Richie Porte is out to defend his national ITT title. (Image: AFP)
Expert
11th March, 2013
7

Jacques Anquetil, Eddy Merckx, Miguel Indurain, Bradley Wiggins and now Richie Porte. One race, one winner, many implications.

Richie Porte has well and truly announced his arrival in the top echelon of world cycling with his overall victory in the Paris-Nice stage race.

His breakout performance in the Giro d’Italia in 2010 was outstanding. His domestique work for Wiggins and Chris Froome in the Grand Tours has been exemplary. But nothing underpins his talent and his ability like his Paris-Nice victory.

Porte now enjoys a certain air of authority born out of his dual stage win and yellow jersey claiming performance.

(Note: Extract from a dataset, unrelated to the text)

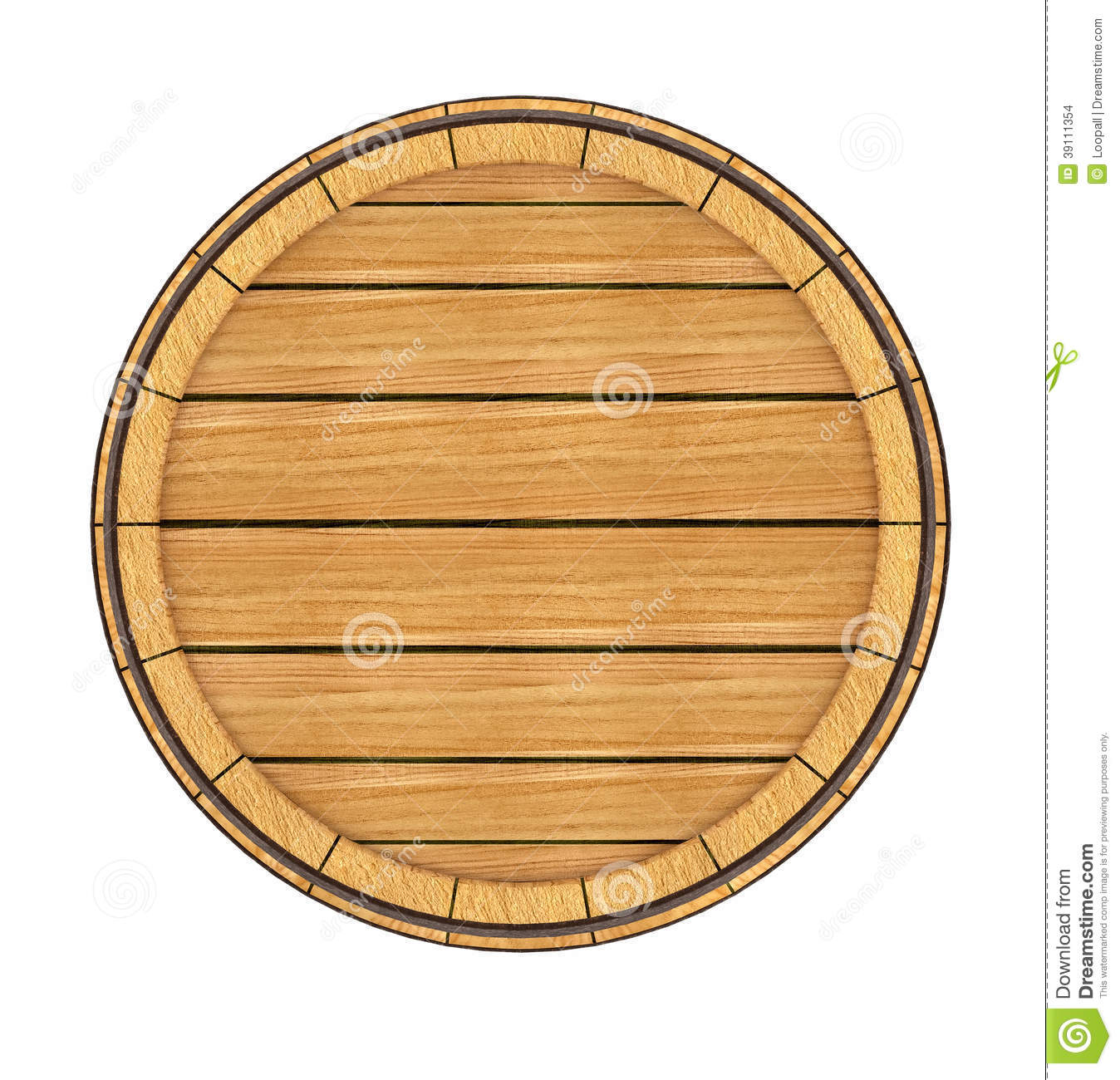 Wooden Barrel Top View 3d Ren - Barrel Clip Art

He showed the right mix of patience and poise on his victorious ascent of La Montagne de Lure, he attacked at the right time and made it count.

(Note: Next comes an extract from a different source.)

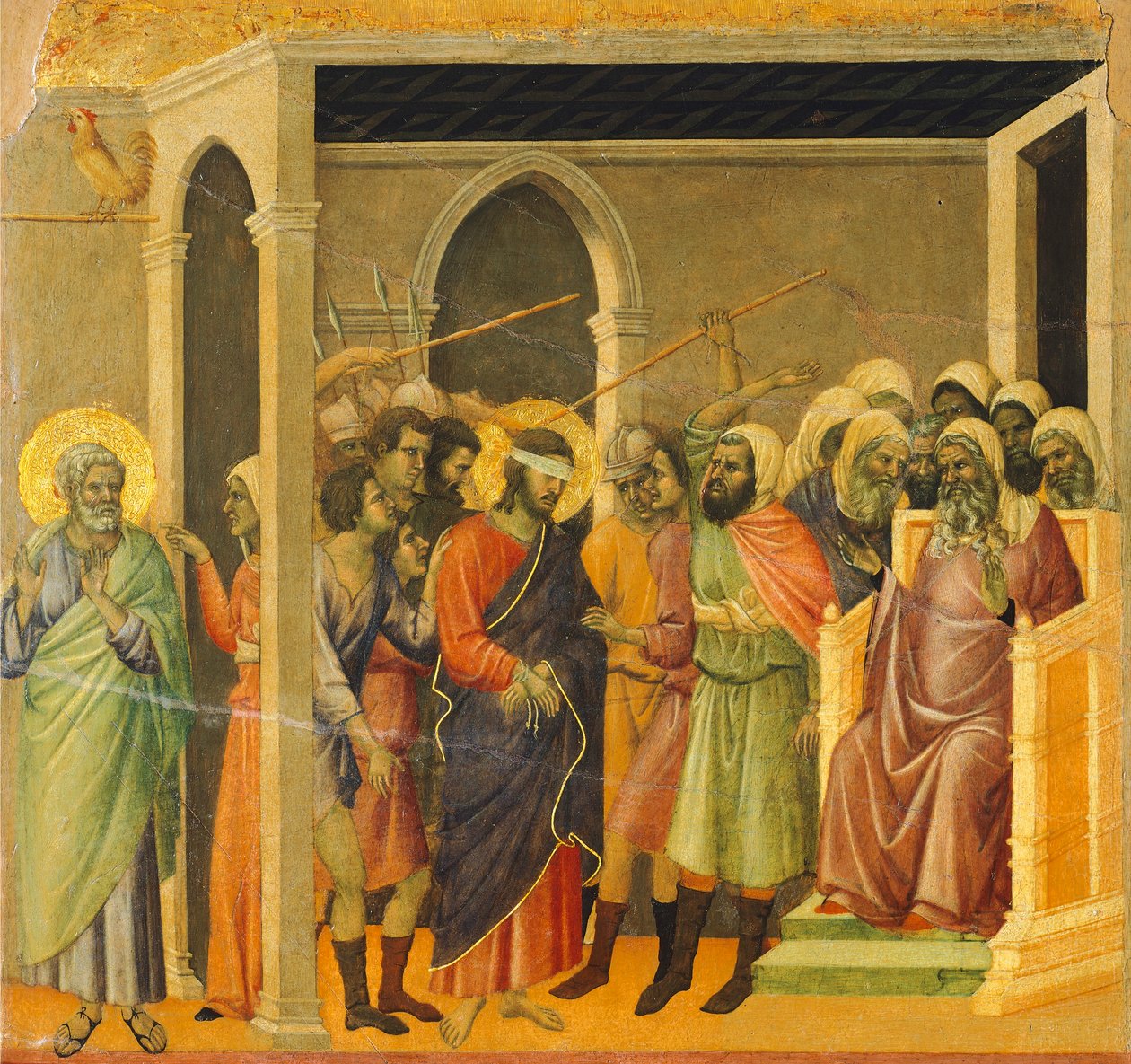 Verspottung Christi (Cristo percosso), Detail, Recto der Maestà von Duccio di Buoninsegna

Similarly, his time trial efforts up the Col’Èze simply confirmed that the best rider was going to win the race.

Now that Porte has confirmed the ability he has always shown, it is to be expected that the pundits are already asking questions about the Sky leadership ‘tri’lemma.

Surely Porte has ambitions of his own? Surely he will want to ride Grand Tours as a leader now? Can Sky hold onto and keep a lid on its melting pot of race winning talent?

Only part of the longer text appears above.